## What to work on
Up to and including the line bearing "8 Mangosteen Cl, Smithfield, QLD 4878", output every line of the entries exactly as written, starting from the first; pictures stay out.

Start of The data

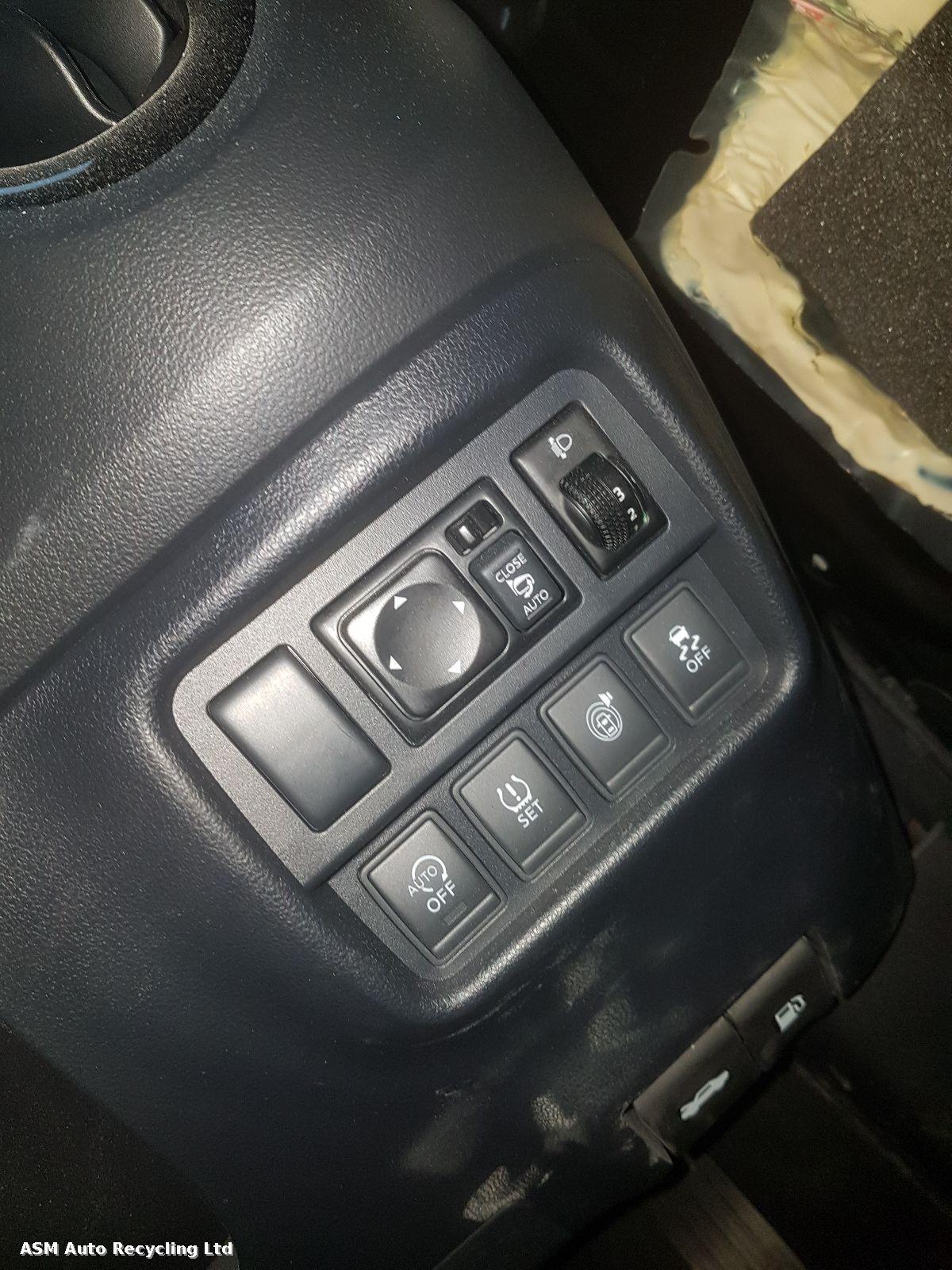 View Auto part Mirror Switch Nissan Juke 2017
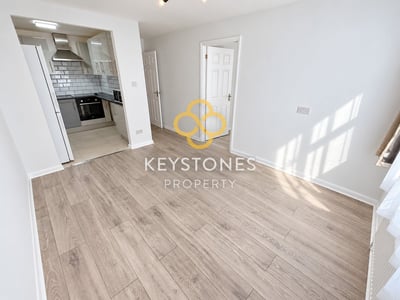 Flat Trentbridge Close in London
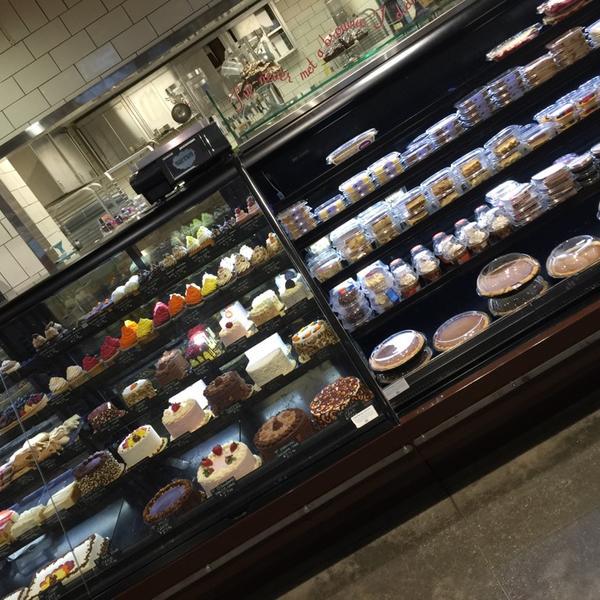 Photo taken at Whole Foods Market by Steve S. on 11/27/2014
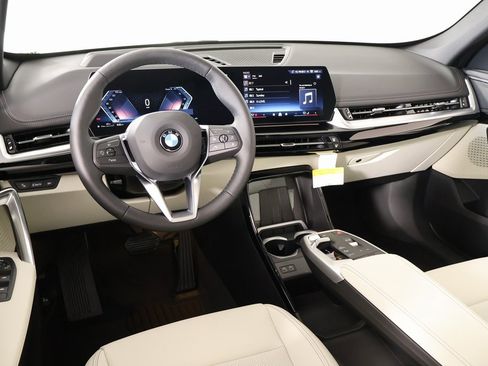 New 2026 BMW X1 xDrive28i w/ Technology Package image 2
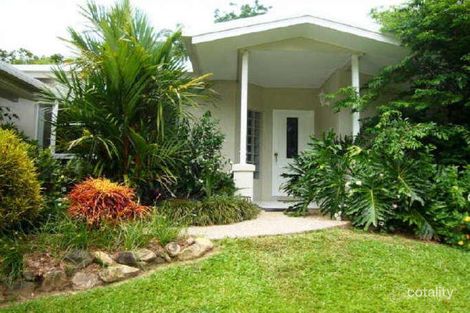 8 Mangosteen Cl, Smithfield, QLD 4878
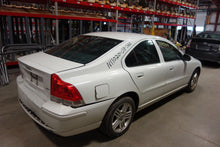 Load image into Gallery viewer, CV AXLE SHAFT Volvo S60 V70 01 02 03 04 05 - 09 Right - NW14622
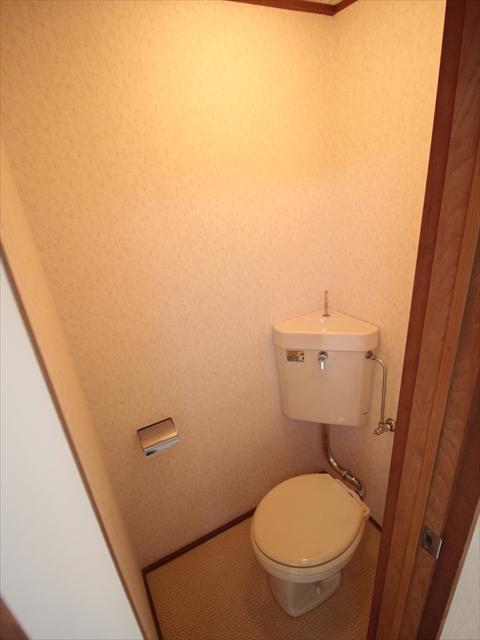 トイレ　松山市小坂　イレブンハイツ　トイレ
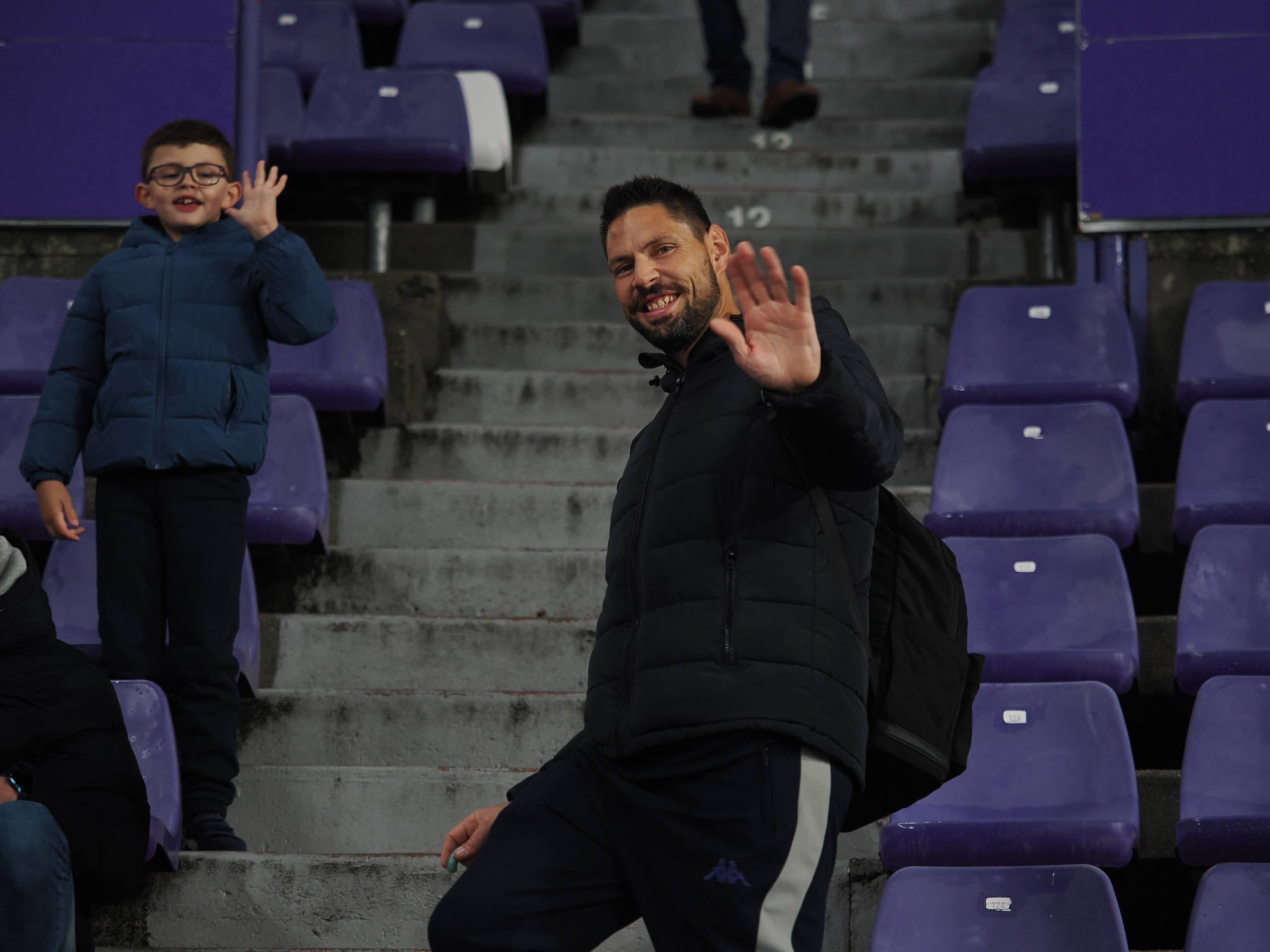 Búscate en la grada del estadio José Zorrilla (1/5)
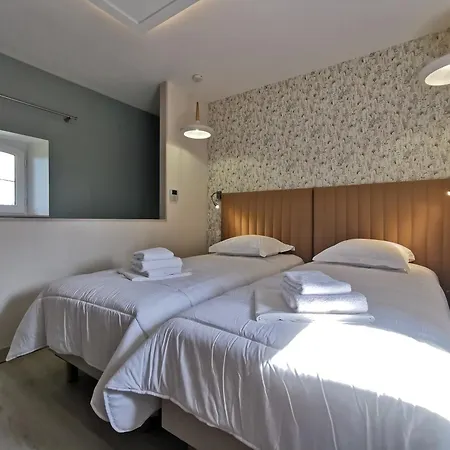 Resort Domaine Jolidetour Climatise, Piscine Chauffee, Tennis *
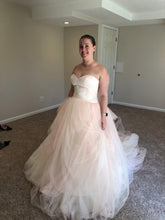 Load image into Gallery viewer, Vera Wang &#39;Strapless Tulle Ombre Ballgown&#39; wedding dress size-10 NEW
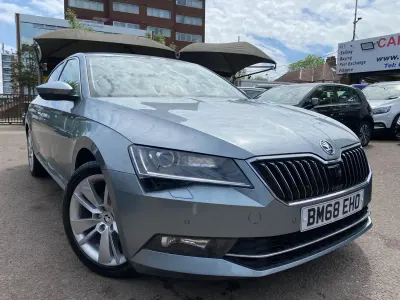Gebraucht Skoda Superb SE L Executive 150 PS (110 kW) 2019 Grau Kleinwagen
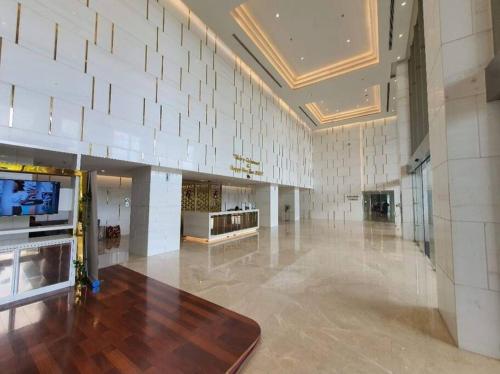 Μια τηλεόραση ή/και κέντρο ψυχαγωγίας στο 2BedRooms Apartment in Gold Coast PIK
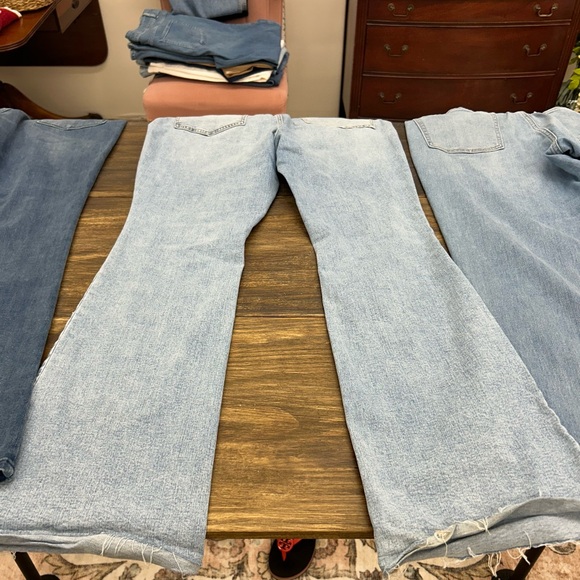 Size 12 Jeans 3 Pairs together . Old Navy(2) Wonderly(1) BGUC - Picture 12 of 13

End of The data

## Solution to the problem
 View Auto part Mirror Switch Nissan Juke 2017
 Flat Trentbridge Close in London
 Photo taken at Whole Foods Market by Steve S. on 11/27/2014
 New 2026 BMW X1 xDrive28i w/ Technology Package image 2
 8 Mangosteen Cl, Smithfield, QLD 4878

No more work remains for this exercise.